Source material section start

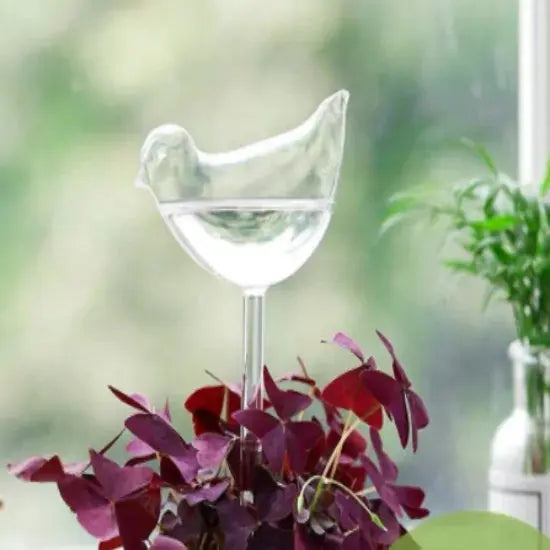 🌿 Automatic Plant Water Feeder – Effortless Hydration for Lush, Thriving Plants KIMDRE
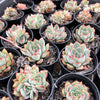 Echeveria Moon Gadnis (aka Ech. Moon Goddess)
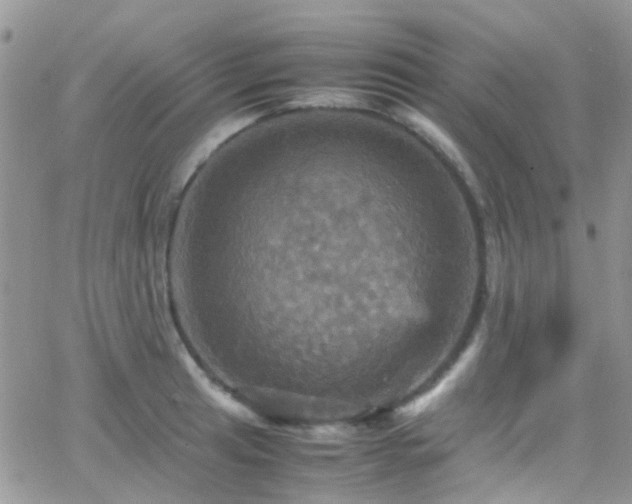 X0000066541041200603171236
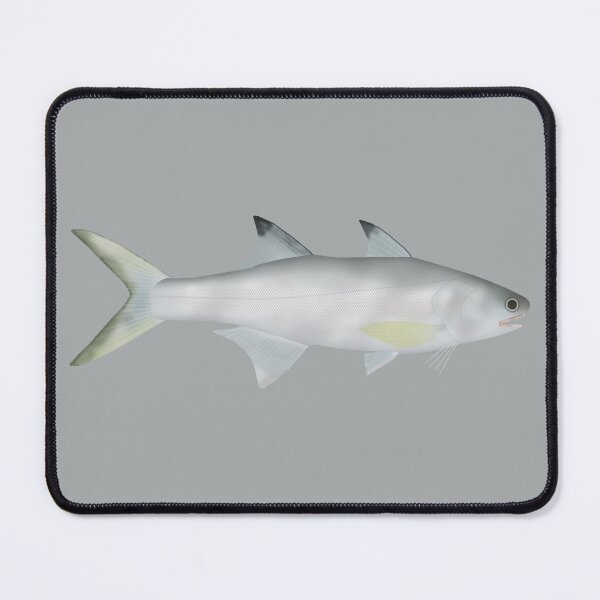 Item preview, Fourfinger Threadfin designed and sold by fishfolkart.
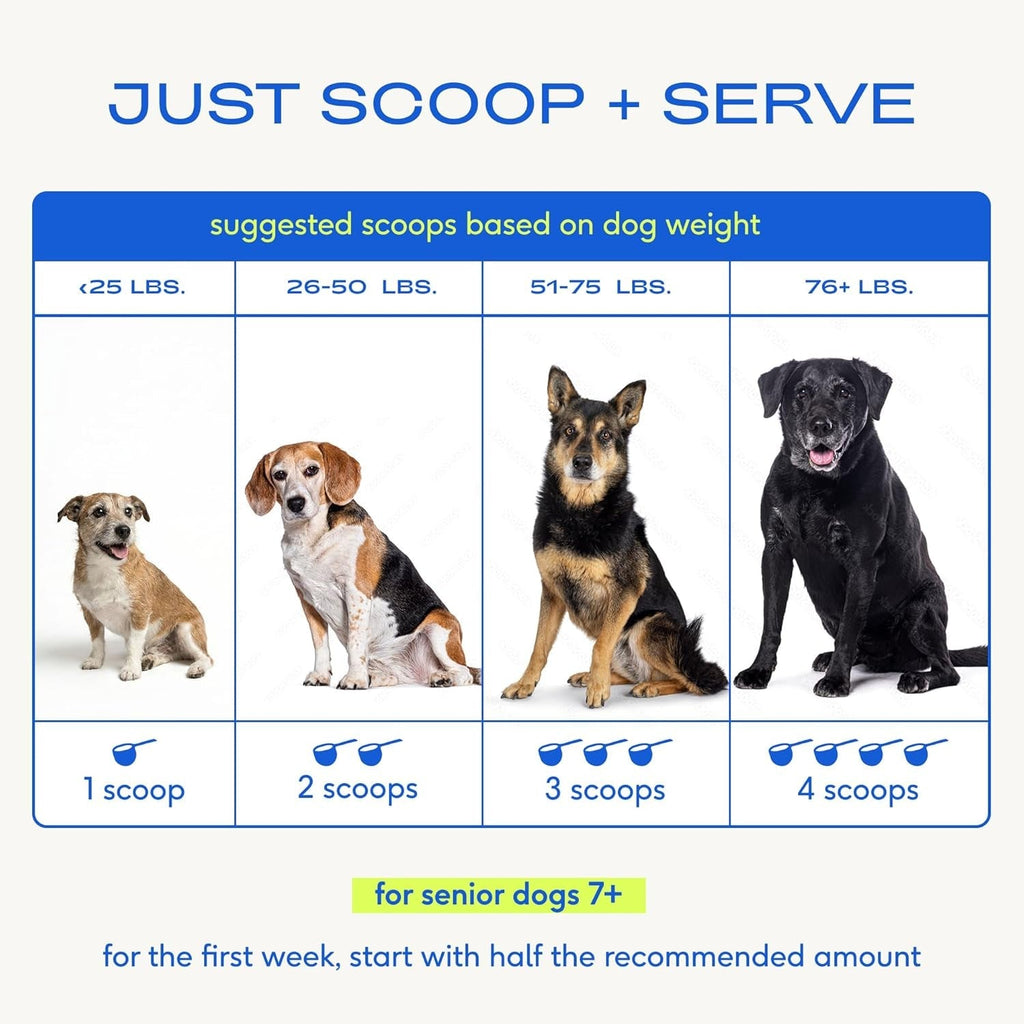 Royal Daily Senior Multivitamin Powder | 12-in-1 Joint Brain Immune Support for Senior Dogs
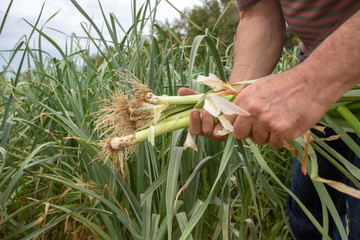 Fresh leek field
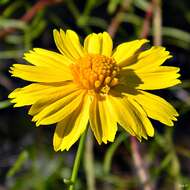 Image of coastal plain honeycombhead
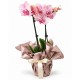 Orchidea Phalaenopsis - Colori assortiti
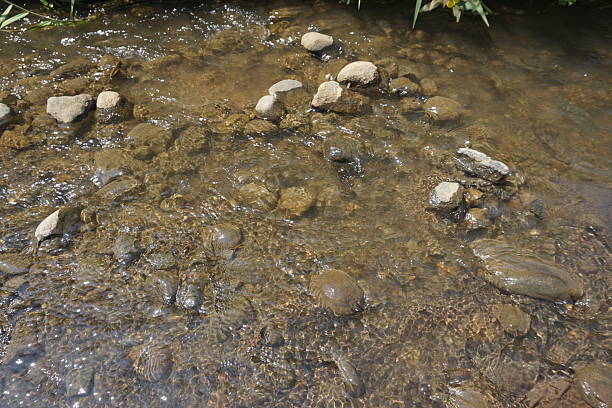 istock Clear stream flows over rocks, plants background, nature scene 2209279468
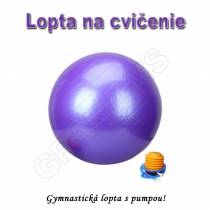 Gymnastická lopta - GYM BALL 65cm s pumpou strieborná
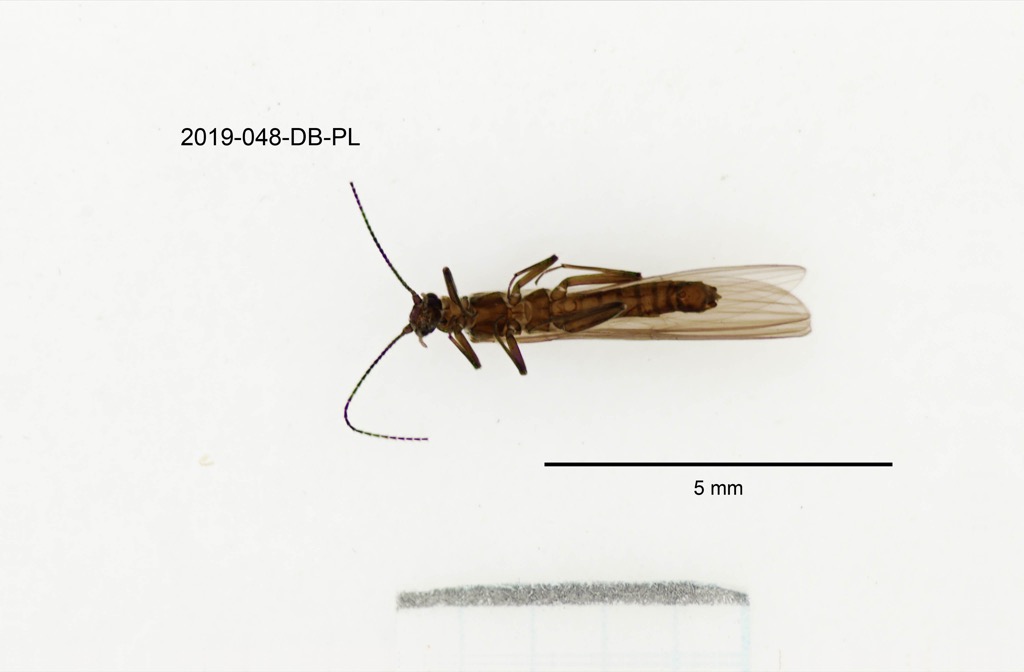 ventral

Source material section end

§ **What is expected**
Beginning with the first line of the records above, extract each line exactly through the line that holds "Orchidea Phalaenopsis - Colori assortiti", both ends included. Omit pictures.

§ **Answer section**
 🌿 Automatic Plant Water Feeder – Effortless Hydration for Lush, Thriving Plants KIMDRE
 Echeveria Moon Gadnis (aka Ech. Moon Goddess)
 X0000066541041200603171236
 Item preview, Fourfinger Threadfin designed and sold by fishfolkart.
 Royal Daily Senior Multivitamin Powder | 12-in-1 Joint Brain Immune Support for Senior Dogs
 Fresh leek field
 Image of coastal plain honeycombhead
 Orchidea Phalaenopsis - Colori assortiti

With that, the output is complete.